# Ideas for venting a shed roof....



## kermmonk (Jun 20, 2006)

Hey Guys,

The house I'm working on has a shed roof all the way around. Going with standing seam metal. Looking at the Corovent system. Have you guys used this where the shed roof butts against the vertical wall?

Any better ideas?


----------



## Grumpy (Oct 8, 2003)

There is such a thing as a roof to wall vent. I forget who makes it, and it may even be the product you specified. I've never seen it used with metal however.


----------



## kermmonk (Jun 20, 2006)

Grumpy,
How do you usually vent this type of roof?


----------



## ricpacer69 (Mar 4, 2006)

I thought Corovent was an eaves ventilation system. But as far as roof venting a power vent is the best for shed roofs. You could use the standard slant vent, but depending on the size of the roof you would need a lot. 

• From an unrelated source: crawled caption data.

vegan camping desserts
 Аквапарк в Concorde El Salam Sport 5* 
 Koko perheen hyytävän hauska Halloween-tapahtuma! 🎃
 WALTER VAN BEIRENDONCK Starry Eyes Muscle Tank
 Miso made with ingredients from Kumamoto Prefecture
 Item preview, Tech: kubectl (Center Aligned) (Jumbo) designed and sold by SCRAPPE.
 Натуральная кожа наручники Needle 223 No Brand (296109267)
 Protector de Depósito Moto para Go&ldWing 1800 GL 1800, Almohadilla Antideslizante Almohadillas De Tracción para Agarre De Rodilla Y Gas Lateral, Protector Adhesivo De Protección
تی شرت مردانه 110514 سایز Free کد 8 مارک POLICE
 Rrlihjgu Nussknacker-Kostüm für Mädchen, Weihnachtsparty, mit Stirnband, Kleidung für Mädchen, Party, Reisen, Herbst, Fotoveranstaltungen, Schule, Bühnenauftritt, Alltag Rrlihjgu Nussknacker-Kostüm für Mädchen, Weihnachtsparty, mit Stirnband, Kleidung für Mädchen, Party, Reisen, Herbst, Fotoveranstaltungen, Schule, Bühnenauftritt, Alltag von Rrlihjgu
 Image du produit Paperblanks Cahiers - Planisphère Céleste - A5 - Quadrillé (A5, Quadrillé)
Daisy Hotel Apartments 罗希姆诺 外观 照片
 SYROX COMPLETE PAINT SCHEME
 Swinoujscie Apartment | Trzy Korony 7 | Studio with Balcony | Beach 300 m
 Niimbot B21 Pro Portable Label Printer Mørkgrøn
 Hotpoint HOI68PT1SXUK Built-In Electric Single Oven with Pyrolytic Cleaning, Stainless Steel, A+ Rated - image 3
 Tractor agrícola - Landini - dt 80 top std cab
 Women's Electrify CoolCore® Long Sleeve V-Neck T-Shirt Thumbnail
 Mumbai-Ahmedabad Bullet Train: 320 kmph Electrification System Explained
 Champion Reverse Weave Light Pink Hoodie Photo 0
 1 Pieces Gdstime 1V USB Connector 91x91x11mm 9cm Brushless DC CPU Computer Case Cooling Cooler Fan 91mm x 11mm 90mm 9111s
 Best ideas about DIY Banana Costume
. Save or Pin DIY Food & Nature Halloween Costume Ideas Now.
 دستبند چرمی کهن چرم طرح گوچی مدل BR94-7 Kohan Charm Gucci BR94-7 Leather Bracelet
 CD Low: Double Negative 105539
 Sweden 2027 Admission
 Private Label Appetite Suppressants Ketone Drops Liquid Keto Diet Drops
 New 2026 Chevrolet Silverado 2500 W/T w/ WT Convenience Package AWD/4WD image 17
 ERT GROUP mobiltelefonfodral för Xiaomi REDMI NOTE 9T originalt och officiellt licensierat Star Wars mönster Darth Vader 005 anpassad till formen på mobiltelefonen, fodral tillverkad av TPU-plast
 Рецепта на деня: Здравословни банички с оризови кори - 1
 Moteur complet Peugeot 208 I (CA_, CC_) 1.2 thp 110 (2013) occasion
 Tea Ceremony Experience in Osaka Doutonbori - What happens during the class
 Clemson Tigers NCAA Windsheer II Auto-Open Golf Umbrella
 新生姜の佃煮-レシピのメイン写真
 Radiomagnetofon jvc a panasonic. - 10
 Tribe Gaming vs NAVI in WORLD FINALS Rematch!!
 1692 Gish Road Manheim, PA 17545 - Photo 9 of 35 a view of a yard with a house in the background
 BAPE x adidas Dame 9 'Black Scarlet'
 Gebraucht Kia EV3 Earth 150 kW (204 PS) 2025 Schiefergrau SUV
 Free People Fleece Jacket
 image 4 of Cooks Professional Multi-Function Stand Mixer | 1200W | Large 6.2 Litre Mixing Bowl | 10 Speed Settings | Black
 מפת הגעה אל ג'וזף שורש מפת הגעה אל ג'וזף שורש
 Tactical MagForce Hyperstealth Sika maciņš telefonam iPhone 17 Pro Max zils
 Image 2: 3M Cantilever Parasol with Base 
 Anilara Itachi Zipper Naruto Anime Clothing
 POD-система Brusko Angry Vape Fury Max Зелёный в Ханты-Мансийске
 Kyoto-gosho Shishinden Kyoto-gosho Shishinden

Grumpy, I'd like to hear more about that roof to wall vent. Is it like a ridge vent?


----------



## maj (Mar 13, 2006)

http://www.contractortalk.com/showthread.php?t=7956

Here's my thread about the exact same thing. It will tell you what I did.


----------



## kermmonk (Jun 20, 2006)

Hey maj,
This was the same thing I had in mind. Just wanted to see if there were any other ideas floating around.

Thanks


----------